The calculation of weights that describe the importance of document and query terms is an important component of best-match text IR systems. The most effective results are obtained from using relevance feedback information (Robertson and Sparck Jones, 1976; Salton and Buckley, 1990) but efforts continue to develop new weighting schemes that might further increase search effectiveness. This striving for improved performance has raised the question of what is the upperbound, i.e., the maximum possible level, that can be achieved by a particular retrieval strategy. We have hence developed a genetic algorithm (hereafter a GA) to investigate the upperbound that can be achieved by ranked-output retrieval systems that employ weighted query terms. Indeed, the GA was developed not only for this purpose but also for calculating weights reflecting the extent to which particular types of molecular feature contribute to the biological activity of molecules (using the analogies between indexing terms and structural features, and between query relevance and biological activity that we have noted in the introduction to this paper).

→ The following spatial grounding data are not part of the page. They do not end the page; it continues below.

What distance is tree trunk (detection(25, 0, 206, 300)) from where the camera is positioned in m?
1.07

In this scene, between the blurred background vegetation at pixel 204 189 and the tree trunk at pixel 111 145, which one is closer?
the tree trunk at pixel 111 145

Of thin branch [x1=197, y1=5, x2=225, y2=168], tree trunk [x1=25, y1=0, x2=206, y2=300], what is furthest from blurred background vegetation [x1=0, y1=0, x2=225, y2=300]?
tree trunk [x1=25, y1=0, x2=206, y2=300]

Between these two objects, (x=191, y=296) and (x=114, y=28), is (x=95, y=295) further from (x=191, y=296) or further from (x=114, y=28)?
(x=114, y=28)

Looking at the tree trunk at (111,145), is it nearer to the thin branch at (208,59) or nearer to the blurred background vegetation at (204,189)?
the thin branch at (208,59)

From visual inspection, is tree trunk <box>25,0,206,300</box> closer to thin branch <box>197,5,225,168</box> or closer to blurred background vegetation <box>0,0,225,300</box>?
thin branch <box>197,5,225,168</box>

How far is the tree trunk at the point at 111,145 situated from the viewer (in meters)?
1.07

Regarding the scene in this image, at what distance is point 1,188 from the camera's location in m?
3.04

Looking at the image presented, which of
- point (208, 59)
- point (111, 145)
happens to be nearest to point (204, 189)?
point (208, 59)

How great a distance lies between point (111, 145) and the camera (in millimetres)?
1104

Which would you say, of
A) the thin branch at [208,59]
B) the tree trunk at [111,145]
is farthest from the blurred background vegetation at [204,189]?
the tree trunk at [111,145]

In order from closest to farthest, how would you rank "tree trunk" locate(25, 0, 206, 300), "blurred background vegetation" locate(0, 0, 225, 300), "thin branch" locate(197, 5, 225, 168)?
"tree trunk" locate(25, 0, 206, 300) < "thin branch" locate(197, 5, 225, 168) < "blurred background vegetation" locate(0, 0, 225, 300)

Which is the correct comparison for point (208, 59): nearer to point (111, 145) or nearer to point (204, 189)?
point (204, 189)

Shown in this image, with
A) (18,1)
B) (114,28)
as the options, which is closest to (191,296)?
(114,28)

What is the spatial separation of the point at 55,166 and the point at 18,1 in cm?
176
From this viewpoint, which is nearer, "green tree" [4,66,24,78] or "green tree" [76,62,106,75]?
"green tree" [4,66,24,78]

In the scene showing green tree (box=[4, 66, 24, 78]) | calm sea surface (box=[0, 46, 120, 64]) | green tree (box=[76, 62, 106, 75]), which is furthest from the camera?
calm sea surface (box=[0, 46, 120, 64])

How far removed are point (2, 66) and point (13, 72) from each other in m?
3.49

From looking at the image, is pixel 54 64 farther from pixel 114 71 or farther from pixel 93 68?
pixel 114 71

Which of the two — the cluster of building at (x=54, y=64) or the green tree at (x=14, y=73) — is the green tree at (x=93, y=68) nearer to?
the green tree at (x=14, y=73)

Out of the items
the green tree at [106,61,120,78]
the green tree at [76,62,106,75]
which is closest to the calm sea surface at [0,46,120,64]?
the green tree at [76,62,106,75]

We will illustrate the operation of this GA by discussing the textual application (Robertson and Willett, 1996) before proceeding to an account of the results obtained in our chemical experiments (Gillet et al., 1998).

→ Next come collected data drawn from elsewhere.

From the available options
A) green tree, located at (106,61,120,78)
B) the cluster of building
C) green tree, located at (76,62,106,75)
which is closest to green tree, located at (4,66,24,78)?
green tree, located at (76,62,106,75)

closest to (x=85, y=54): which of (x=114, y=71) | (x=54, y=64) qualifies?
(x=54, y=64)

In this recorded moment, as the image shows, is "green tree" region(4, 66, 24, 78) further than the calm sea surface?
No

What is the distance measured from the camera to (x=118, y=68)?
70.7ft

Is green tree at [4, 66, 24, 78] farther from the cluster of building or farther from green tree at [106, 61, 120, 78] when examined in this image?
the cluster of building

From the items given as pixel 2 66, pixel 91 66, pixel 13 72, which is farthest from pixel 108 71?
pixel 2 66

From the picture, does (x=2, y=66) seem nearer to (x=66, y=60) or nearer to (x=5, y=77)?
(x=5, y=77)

A GA operates on chromosomes, which are linearly-encoded representations of possible solutions to the problem under investigation, with each element of a chromosome describing some particular component of the encoded solution. A fitness function is used to calculate a numeric score that measures how "good" a solution is represented by each chromosome. The set of chromosomes at any particular stage of the processing is referred to as the current population, and the chromosomes in this generation are processed by genetic operators to yield the population that corresponds to the subsequent generation. The two principal operators are crossover, which combines parts of the fittest chromosomes, and mutation, which introduces new information at random. The chromosomes in the new generation are evaluated by means of the fitness function and the genetic operators invoked again, this process continuing until convergence is achieved, i.e, until there is no increase in the average fitness of each successive generation.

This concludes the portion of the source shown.